Acquisition Expected to be Cash Accretive and Have Minimal Integration Risks

Excluding the impact of acquisition plan costs (including transaction expenses) and with conservative anticipated synergies of only $2.0 million derived from the elimination of Gilat’s public company costs, the acquisition of Gilat is expected to be cash accretive to Comtech during the first twelve months post-closing. Comtech believes that with careful planning and execution, it can capitalize on opportunities to achieve both sales growth and further efficiencies during the second-year post-closing.

Both companies’ talented global workforces are expected to remain in place and focus intently on meeting all customer commitments and expectations, including supporting all existing products, services and agreements.

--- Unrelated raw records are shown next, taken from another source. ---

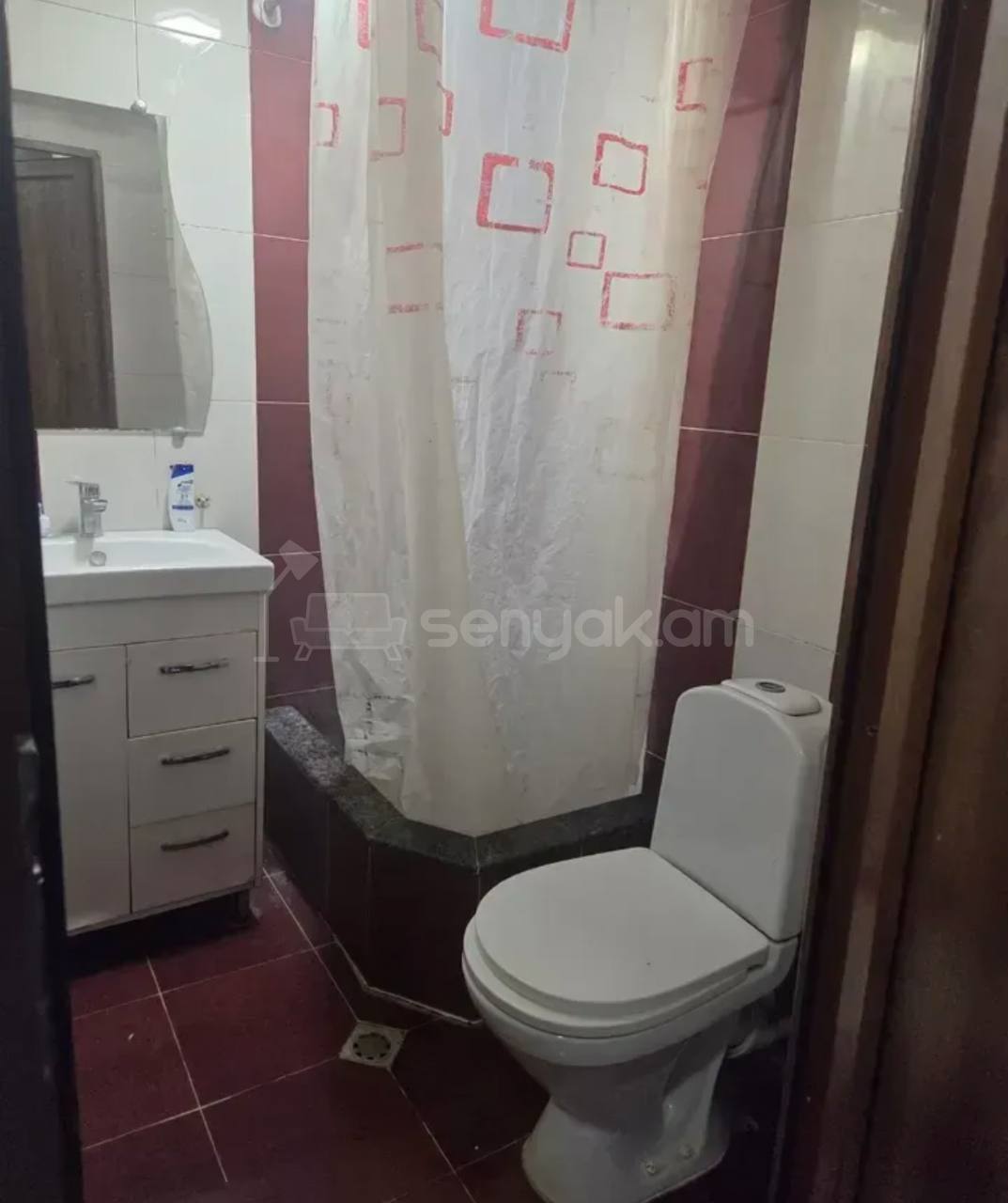 3 Սենյականոց Բնակարան Քարե Շենքում, 51քմ, 1/4 հարկ, Կոսմետիկ Վերանորոգված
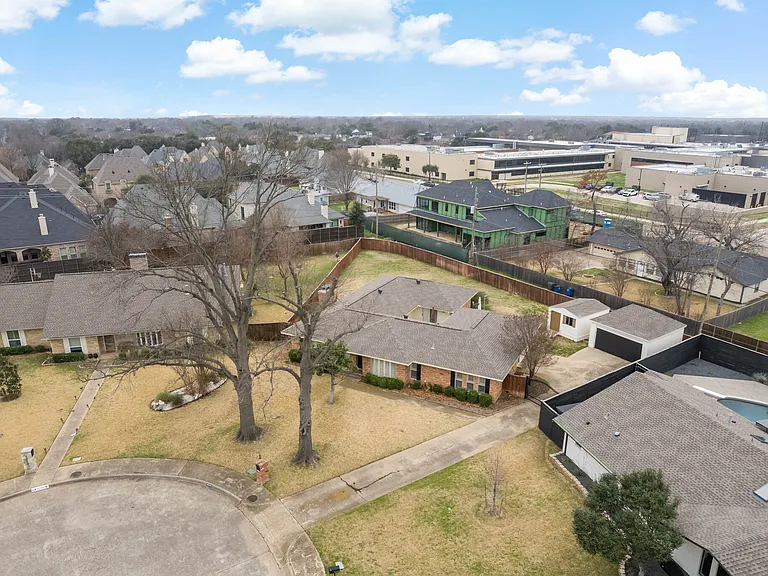 10141 Fieldfare Ct — Photo 23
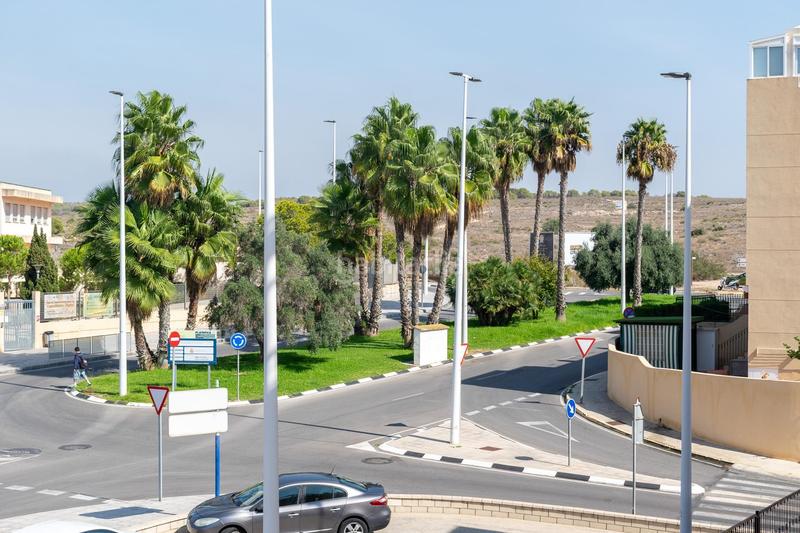 Foto 12173d24-2e95-4eed-bc72-3559350b531e. Appartement avec parking piscine dans Calas Santiago Bernabeu Santa Pola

The transaction enlarges Comtech’s global market footprint with a significant physical presence in key international markets. This increased presence addresses a growing need for local touch points that can offer integrated secure connectivity solutions including public safety and location solutions. At the same time, Gilat will gain access to Comtech’s strong relationships with the U.S. government, allowing expanded distribution of Gilat’s products and solutions to the U.S. government. As such, Comtech believes the transaction carries minimal integration risk while creating numerous opportunities for potential long-term revenue and efficiency synergies going forward.

Comtech will continue to emphasize capturing growth opportunities from favorable market trends, including: expected increased demand for solutions to provide high speed in-flight satellite connectivity; the adoption of new satellite ground station technologies into the 5G cellular backhaul eco-system; and the expected need for equipment and network upgrades to accommodate an anticipated increase in satellite capacity when new Very High Throughput Satellites (“VHTS”) and high capacity Medium Earth Orbit (“MEO”) and Low Earth Orbit (“LEO”) satellite constellations are launched and fully operational. Together with its previously announced pending acquisition of UHP Networks, Comtech believes it will be uniquely positioned to take advantage of these important trends.

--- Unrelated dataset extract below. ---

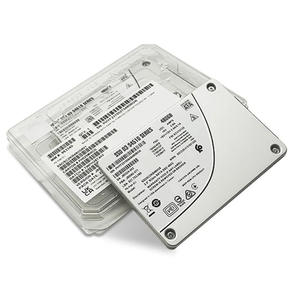 Disques SSD SOLID-IGM série D7-P5520 (3,84 To, 2,5 pouces PCle 4.0 x4, 3D4, TLC) Pack unique générique - Product Image 3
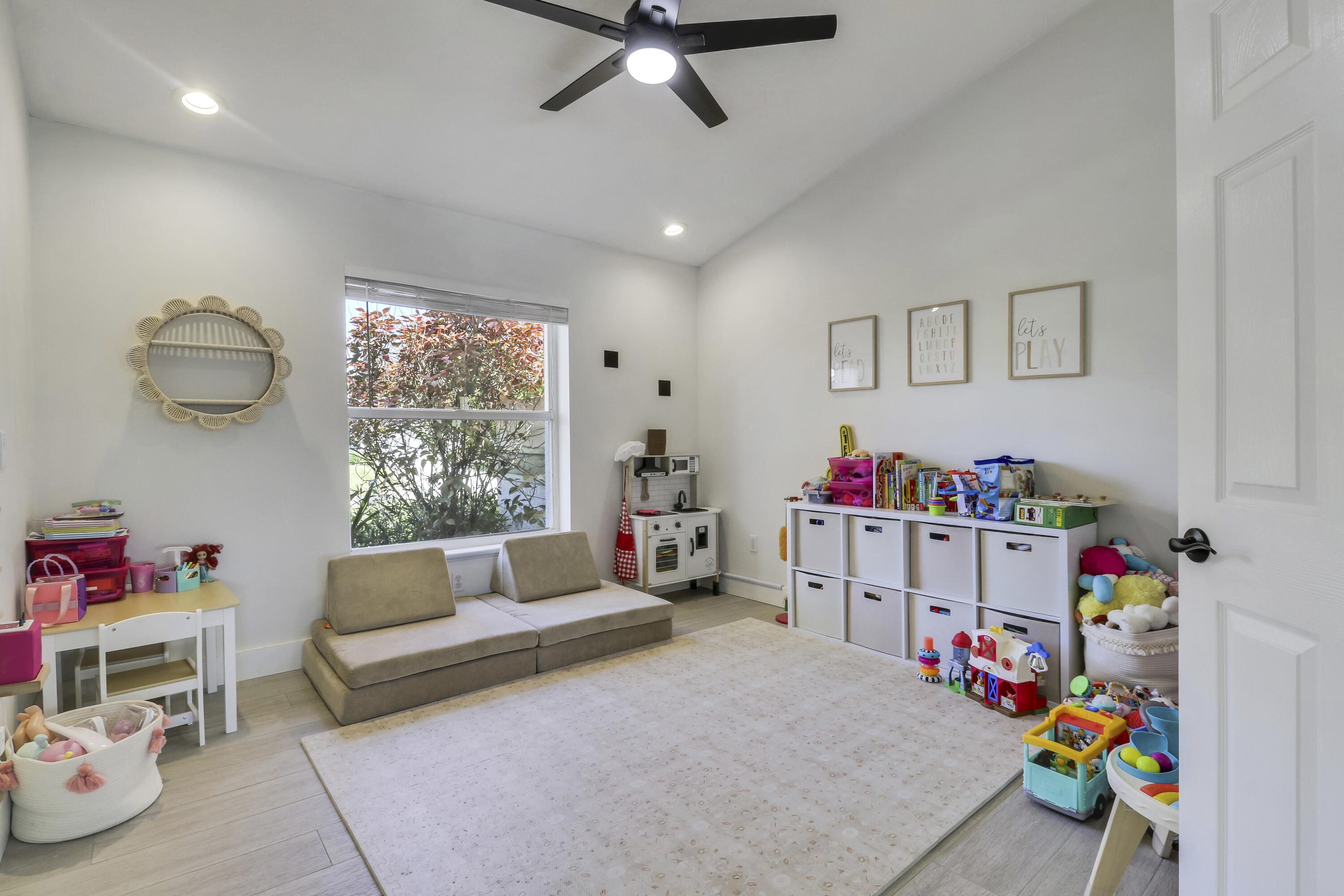 SOUTH FORK ESTATES - Residential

Gilat announced on 19 November 2019 that it expects to achieve sales of between $260.0 million and $270.0 million with Adjusted EBITDA ranging from $38.0 million to $42.0 million for its fiscal year ended 31 December 2019. Comtech announced on 4 December 2019 that it expects to achieve sales of between $712.0 million and $732.0 million with Adjusted EBITDA ranging from $99.0 million to $103.0 million for its fiscal year ending 31 July 2020. Neither Comtech nor Gilat is revising their previously announced respective fiscal year financial outlook.

In light of the agreement between Comtech and Gilat, Gilat has cancelled its fourth quarter and fiscal 2019 year-end conference call and webcast previously scheduled for 19 February 2020. Once the transaction closes, Comtech will provide combined revenue, Adjusted EBITDA and diluted earnings per share guidance in a future announcement.

Leadership and Business Structure

Fred Kornberg, Comtech’s Chairman of the Board and Chief Executive Officer (“CEO”) will continue in his role as CEO of the combined company. Michael Porcelain, Comtech’s Chief Operating Officer, who was promoted and named President of Comtech earlier on 29 January 2020, will work hand-in-hand with both Comtech and Gilat employees to maximize the potential of the combined company. Michael Bondi will continue in his role as Chief Financial Officer (“CFO”) of the combined company. Comtech will continue to maintain its headquarters in Melville, New York.

Post-closing of the transaction, Gilat will become a wholly owned subsidiary of Comtech and will maintain its well renowned and highly regarded brand. Gilat will continue to maintain its corporate headquarters and research and development facility in Petah Tikva, Israel under the leadership of Yona Ovadia, Gilat’s CEO and Adi Sfadia, Gilat’s CFO. Mr. Sfadia will also be assuming the role of Gilat’s Chief Integration Officer, helping to plan a smooth acquisition and to maximize shareholder value.

No Comtech or Gilat facility locations are expected to be closed as a result of the transaction and each key business area is expected to continue to be led by its respective existing proven leadership teams after the transaction closes.